Exercise details :: Count how many lines of the data include "Collection". The answer is that number and nothing else.

Records to use ::
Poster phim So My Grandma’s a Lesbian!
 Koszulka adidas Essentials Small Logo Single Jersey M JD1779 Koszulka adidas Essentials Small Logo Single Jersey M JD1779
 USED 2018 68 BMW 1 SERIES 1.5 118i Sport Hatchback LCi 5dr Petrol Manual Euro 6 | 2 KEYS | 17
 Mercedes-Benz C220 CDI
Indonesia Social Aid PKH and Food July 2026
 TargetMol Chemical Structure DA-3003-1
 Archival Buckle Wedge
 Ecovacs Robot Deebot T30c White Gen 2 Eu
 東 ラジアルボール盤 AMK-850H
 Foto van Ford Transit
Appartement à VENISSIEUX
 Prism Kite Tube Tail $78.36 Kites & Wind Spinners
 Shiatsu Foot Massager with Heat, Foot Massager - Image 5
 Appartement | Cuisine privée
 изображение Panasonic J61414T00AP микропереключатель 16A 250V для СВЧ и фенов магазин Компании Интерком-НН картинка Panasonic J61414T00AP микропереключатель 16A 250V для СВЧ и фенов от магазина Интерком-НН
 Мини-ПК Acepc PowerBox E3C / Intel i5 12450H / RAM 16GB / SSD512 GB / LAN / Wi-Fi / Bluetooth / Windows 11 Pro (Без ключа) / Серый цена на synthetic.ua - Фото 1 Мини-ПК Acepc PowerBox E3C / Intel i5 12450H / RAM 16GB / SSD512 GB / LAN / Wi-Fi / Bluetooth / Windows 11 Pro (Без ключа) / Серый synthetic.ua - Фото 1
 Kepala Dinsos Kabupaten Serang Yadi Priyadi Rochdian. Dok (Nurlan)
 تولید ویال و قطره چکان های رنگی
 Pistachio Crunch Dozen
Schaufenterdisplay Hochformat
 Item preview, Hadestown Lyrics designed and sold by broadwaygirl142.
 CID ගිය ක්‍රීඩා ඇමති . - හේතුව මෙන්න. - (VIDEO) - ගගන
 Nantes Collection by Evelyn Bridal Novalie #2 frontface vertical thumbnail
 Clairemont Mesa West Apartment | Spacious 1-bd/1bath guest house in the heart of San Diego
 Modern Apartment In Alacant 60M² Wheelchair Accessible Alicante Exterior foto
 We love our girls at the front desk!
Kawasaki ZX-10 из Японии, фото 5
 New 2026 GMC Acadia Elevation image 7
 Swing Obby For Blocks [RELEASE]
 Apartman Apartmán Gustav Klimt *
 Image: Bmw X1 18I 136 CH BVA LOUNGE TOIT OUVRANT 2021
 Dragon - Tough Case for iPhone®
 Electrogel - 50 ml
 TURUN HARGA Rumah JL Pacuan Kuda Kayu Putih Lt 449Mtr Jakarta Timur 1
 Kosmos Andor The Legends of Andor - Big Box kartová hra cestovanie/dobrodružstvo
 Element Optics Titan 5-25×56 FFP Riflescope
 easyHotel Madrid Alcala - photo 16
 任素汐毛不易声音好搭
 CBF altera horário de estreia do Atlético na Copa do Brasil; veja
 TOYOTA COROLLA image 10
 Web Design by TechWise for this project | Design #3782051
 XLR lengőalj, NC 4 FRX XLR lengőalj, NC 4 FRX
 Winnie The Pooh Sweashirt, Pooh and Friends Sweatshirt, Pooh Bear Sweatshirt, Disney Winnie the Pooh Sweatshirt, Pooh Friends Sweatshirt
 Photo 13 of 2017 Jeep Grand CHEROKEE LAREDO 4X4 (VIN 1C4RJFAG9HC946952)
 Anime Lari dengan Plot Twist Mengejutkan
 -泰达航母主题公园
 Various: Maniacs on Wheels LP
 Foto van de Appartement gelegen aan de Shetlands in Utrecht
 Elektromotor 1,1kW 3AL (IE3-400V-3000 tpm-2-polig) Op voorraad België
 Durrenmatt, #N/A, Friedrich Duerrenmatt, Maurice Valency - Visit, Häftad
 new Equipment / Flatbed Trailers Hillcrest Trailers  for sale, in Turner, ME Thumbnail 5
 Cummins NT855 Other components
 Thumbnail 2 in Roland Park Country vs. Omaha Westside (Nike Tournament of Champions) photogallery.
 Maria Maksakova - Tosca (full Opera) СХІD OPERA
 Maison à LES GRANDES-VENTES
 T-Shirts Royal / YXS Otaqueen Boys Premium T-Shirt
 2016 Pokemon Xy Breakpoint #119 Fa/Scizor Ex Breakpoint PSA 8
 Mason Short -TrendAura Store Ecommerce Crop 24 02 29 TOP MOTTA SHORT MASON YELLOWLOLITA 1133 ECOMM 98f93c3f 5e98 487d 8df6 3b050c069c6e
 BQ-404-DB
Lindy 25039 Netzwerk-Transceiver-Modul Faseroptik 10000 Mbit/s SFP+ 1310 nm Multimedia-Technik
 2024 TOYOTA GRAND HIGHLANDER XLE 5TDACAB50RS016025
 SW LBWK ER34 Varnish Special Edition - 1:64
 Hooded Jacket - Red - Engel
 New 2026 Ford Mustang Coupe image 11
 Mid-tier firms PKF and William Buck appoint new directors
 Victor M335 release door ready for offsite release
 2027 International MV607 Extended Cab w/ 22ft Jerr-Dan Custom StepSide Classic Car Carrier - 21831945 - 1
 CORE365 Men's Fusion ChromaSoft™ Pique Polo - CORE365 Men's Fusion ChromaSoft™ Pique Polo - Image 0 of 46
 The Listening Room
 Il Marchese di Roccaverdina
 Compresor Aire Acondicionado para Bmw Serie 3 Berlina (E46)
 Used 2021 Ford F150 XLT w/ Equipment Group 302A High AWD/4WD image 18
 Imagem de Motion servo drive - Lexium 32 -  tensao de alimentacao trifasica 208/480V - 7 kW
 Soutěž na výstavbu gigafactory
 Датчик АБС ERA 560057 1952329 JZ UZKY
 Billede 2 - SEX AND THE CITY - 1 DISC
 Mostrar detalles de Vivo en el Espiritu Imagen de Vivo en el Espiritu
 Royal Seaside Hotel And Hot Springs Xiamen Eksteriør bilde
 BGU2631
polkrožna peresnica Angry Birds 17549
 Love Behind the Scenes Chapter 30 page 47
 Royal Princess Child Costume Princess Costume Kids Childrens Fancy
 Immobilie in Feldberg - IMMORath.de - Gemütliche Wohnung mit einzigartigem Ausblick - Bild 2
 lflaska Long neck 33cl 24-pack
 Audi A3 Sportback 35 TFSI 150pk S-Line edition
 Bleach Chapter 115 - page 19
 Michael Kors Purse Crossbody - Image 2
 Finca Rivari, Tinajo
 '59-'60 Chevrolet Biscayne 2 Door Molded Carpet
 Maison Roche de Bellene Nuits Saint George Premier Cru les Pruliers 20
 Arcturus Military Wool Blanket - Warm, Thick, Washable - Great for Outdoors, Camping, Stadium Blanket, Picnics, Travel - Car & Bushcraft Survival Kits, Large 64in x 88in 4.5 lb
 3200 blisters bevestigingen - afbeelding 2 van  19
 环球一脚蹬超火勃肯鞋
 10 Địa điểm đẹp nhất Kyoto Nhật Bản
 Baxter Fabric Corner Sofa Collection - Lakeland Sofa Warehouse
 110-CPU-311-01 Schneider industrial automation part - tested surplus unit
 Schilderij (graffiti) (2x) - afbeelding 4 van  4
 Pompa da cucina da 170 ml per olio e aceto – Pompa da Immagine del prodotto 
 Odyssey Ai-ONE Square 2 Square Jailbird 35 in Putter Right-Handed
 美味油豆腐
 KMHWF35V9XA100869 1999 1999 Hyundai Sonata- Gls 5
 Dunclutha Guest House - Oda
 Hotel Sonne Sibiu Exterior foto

Output of the task :: 2